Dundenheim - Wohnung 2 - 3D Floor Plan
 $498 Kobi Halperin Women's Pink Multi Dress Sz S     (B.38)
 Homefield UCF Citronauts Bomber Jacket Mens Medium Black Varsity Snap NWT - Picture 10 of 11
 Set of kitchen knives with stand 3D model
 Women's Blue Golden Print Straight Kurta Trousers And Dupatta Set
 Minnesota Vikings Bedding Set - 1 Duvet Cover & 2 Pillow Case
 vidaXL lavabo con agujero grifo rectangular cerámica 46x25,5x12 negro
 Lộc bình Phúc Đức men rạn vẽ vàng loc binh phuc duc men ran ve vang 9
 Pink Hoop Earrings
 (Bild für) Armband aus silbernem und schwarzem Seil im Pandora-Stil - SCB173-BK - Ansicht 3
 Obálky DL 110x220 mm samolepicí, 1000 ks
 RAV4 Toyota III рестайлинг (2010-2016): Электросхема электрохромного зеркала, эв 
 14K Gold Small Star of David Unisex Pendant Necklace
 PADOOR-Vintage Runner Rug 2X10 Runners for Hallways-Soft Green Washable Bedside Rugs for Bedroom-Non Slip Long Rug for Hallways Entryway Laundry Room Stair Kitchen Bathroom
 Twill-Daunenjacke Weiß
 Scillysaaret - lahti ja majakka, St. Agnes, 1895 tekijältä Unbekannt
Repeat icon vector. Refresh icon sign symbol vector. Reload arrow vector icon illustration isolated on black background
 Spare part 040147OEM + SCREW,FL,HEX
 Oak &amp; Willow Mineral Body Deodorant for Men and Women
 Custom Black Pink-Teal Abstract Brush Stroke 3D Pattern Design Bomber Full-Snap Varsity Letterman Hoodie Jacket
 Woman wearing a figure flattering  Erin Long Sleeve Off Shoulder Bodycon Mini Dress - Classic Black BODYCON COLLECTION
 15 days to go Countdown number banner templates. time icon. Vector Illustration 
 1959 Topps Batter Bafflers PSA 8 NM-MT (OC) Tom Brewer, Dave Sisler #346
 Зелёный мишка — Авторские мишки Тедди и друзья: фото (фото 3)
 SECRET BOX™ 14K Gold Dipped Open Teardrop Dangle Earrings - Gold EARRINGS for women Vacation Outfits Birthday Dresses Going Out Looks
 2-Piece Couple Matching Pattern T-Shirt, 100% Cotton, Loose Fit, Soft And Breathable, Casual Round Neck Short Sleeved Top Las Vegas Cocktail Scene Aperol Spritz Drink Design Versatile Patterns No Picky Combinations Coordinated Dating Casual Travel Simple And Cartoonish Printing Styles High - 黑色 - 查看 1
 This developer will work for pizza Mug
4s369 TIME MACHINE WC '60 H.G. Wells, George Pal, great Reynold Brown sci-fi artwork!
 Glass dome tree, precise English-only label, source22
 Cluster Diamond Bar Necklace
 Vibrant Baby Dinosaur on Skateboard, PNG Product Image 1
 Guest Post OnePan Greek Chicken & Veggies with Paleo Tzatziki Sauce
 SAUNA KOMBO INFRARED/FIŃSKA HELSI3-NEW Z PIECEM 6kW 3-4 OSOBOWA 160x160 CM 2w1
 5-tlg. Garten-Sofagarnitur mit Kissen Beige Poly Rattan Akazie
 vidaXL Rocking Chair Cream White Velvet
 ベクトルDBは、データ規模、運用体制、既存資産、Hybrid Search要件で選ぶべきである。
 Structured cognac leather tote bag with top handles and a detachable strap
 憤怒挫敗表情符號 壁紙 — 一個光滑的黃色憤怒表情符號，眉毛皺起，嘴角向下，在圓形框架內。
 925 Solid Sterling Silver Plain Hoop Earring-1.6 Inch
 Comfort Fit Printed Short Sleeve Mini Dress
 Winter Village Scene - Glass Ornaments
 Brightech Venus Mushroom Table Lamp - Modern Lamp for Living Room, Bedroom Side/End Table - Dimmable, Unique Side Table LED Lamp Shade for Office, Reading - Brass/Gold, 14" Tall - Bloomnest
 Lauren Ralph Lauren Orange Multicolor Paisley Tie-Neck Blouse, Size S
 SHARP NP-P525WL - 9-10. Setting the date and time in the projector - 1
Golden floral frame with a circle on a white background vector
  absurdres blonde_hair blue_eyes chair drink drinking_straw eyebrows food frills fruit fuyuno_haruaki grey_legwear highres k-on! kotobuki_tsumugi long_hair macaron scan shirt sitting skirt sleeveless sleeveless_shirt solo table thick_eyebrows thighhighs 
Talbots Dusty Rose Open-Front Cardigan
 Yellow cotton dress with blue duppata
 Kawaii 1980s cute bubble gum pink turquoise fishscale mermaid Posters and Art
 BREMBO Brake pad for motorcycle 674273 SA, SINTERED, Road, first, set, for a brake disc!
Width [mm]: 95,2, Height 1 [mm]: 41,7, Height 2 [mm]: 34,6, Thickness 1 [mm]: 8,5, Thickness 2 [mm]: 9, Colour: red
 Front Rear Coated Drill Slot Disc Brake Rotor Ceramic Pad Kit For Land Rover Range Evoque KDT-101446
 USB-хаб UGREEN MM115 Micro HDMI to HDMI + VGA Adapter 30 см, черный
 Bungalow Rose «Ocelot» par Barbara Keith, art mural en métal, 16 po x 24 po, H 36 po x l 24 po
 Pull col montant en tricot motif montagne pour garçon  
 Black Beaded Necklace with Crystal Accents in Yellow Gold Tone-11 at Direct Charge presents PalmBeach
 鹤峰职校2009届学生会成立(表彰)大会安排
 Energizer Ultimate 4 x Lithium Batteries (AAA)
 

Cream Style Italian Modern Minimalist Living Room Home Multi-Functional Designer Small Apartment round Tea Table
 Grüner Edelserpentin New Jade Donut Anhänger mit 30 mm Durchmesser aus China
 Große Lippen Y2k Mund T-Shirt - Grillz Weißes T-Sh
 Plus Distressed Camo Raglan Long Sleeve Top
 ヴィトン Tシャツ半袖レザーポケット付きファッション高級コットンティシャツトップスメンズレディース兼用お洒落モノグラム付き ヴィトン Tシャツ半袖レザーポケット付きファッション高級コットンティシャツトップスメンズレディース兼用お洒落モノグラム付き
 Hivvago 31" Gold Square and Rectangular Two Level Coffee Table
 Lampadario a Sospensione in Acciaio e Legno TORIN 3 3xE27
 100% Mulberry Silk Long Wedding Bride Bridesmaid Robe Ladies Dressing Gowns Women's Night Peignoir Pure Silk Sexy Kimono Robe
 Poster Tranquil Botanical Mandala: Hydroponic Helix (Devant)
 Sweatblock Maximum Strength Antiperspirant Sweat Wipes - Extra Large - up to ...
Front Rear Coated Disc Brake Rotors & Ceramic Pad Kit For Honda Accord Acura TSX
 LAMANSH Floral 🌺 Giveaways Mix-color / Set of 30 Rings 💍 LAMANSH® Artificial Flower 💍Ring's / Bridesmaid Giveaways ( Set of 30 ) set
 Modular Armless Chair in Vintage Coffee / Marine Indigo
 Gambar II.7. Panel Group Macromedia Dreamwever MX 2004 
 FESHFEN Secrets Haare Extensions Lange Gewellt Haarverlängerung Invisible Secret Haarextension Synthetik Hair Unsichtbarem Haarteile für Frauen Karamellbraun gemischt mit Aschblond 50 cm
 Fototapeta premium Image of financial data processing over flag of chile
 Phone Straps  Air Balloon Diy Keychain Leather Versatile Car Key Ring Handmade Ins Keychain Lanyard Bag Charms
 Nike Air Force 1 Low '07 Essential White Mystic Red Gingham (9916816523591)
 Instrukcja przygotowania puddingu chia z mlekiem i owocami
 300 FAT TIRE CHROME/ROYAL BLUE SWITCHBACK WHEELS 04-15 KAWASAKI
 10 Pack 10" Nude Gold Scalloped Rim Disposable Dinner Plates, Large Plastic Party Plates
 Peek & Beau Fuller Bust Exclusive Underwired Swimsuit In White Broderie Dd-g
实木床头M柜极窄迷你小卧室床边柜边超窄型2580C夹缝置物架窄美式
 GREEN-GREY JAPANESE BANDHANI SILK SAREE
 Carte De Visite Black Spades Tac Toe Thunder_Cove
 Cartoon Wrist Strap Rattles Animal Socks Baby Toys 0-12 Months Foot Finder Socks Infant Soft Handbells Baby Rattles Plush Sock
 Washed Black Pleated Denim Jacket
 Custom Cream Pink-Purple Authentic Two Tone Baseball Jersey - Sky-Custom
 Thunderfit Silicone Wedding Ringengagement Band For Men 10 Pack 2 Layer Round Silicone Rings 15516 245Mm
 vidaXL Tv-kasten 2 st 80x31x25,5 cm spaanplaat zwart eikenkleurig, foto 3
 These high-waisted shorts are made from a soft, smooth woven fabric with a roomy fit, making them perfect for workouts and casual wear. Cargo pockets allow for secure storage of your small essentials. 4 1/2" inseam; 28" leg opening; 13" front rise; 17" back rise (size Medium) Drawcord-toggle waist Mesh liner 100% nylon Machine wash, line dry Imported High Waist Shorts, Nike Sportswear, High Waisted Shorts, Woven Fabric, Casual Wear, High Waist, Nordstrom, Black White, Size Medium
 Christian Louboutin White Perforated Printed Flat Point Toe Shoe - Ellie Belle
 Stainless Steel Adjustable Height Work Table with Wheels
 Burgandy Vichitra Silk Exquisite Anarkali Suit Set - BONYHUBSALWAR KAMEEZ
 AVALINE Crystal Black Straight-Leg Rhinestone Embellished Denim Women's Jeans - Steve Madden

+++++

-- What to work on --
An exact, complete copy of the lines above from the one with "Front Rear Coated Disc" through the one with "LAMANSH Floral 🌺" is the whole answer.

-- Reply --
Front Rear Coated Disc Brake Rotors & Ceramic Pad Kit For Honda Accord Acura TSX
 LAMANSH Floral 🌺 Giveaways Mix-color / Set of 30 Rings 💍 LAMANSH® Artificial Flower 💍Ring's / Bridesmaid Giveaways ( Set of 30 ) set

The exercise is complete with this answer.